* **RECORDS SHOWN**:
"""

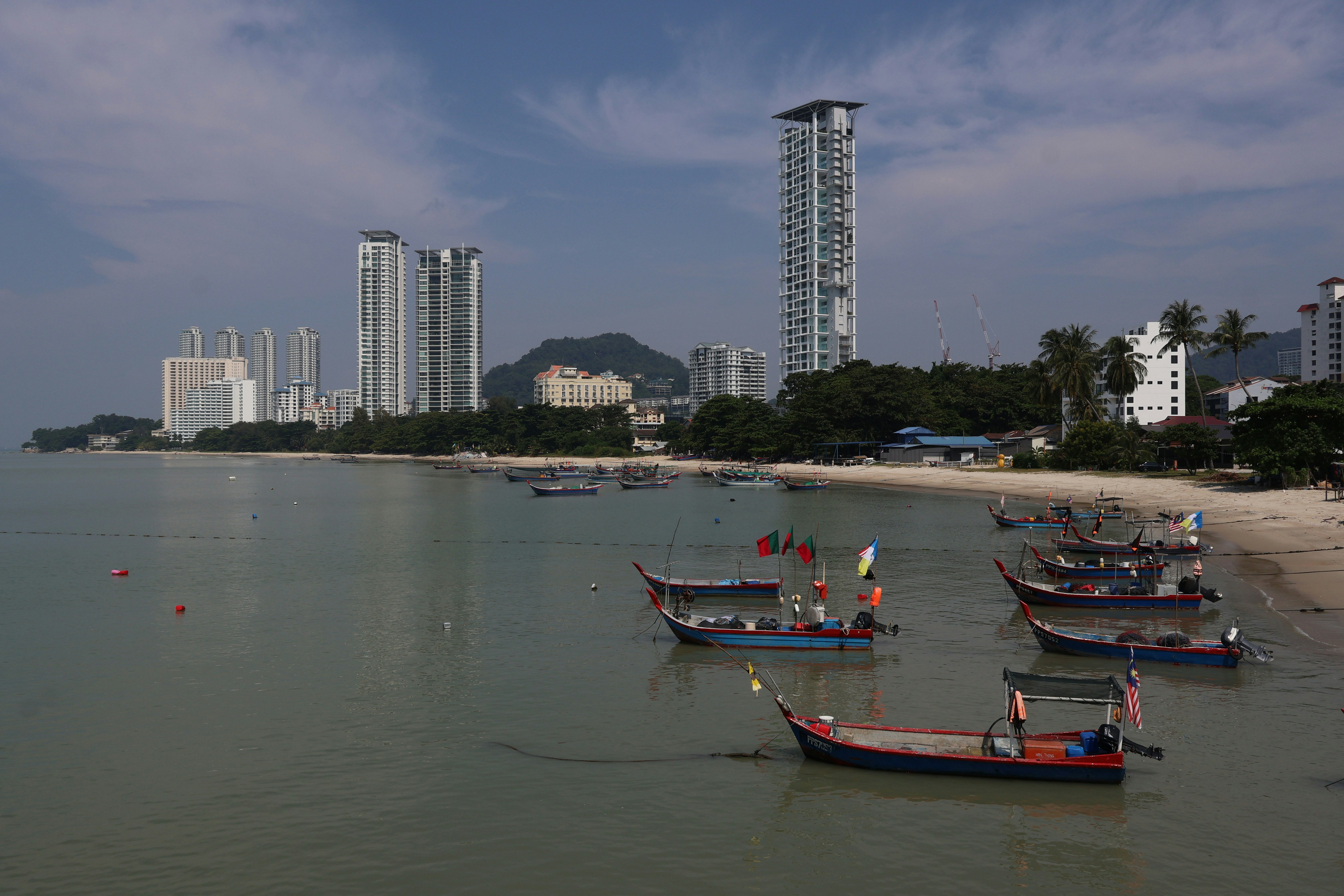 Tanjung Bungah Beach view 2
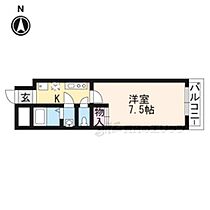 京都府京都市上京区西院町（賃貸マンション1K・6階・23.36㎡） その2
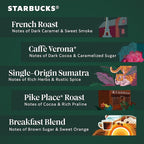Starbucks K-Cup Coffee Pods, Light, Medium, Dark Roast & Flavored Variety Pack for Keurig Brewers, 1 box (40 pods total)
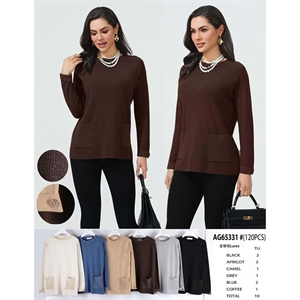 Sweter damski okrągły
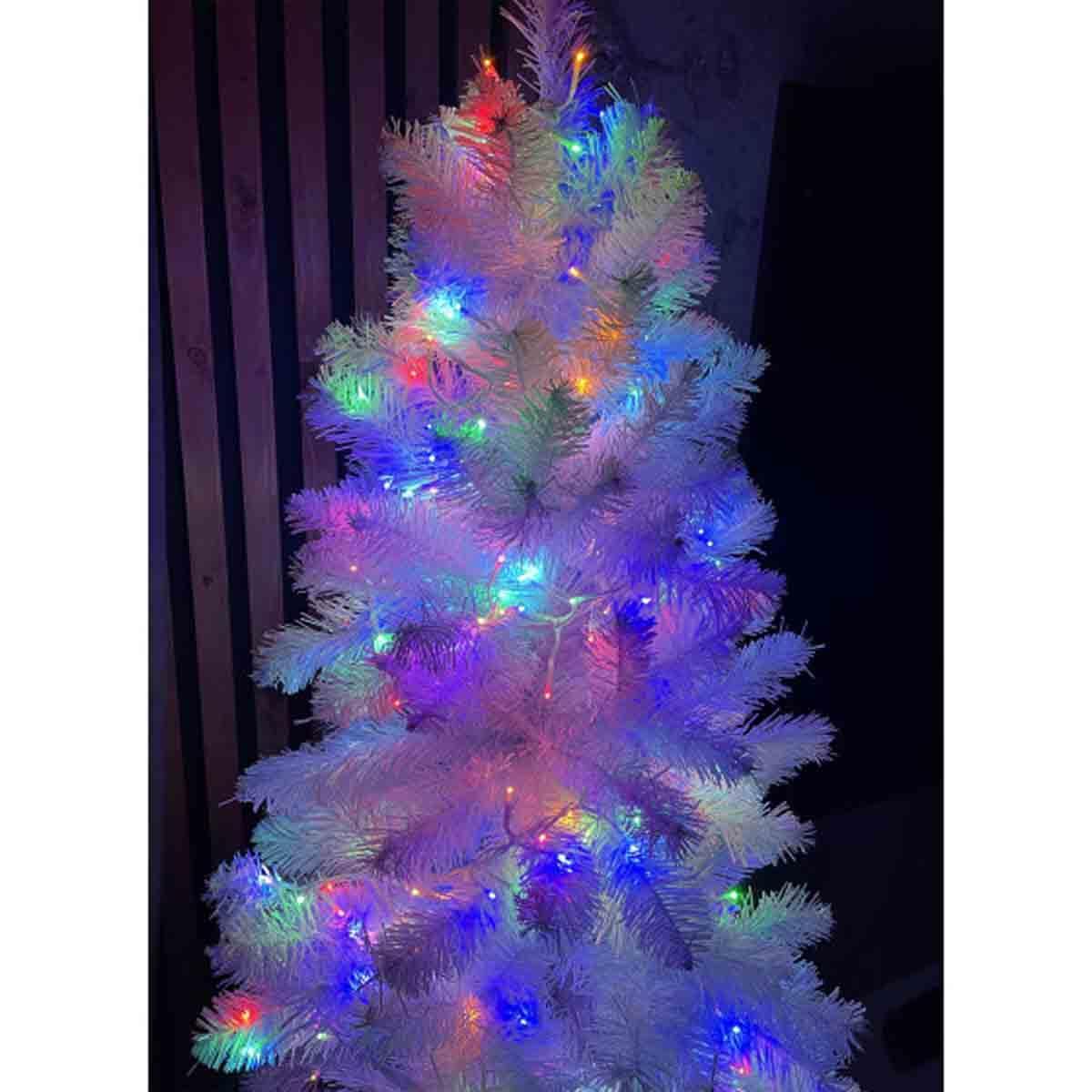 фото светодиодная гирлянда эра мишура 220v мультиколор - wm б0047972 | 220svet.ru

"""

Without the pictures, restate all the entries above exactly.

* **ANSWER**:
 Tanjung Bungah Beach view 2
 京都府京都市上京区西院町（賃貸マンション1K・6階・23.36㎡） その2
Starbucks K-Cup Coffee Pods, Light, Medium, Dark Roast & Flavored Variety Pack for Keurig Brewers, 1 box (40 pods total)
 Sweter damski okrągły
 фото светодиодная гирлянда эра мишура 220v мультиколор - wm б0047972 | 220svet.ru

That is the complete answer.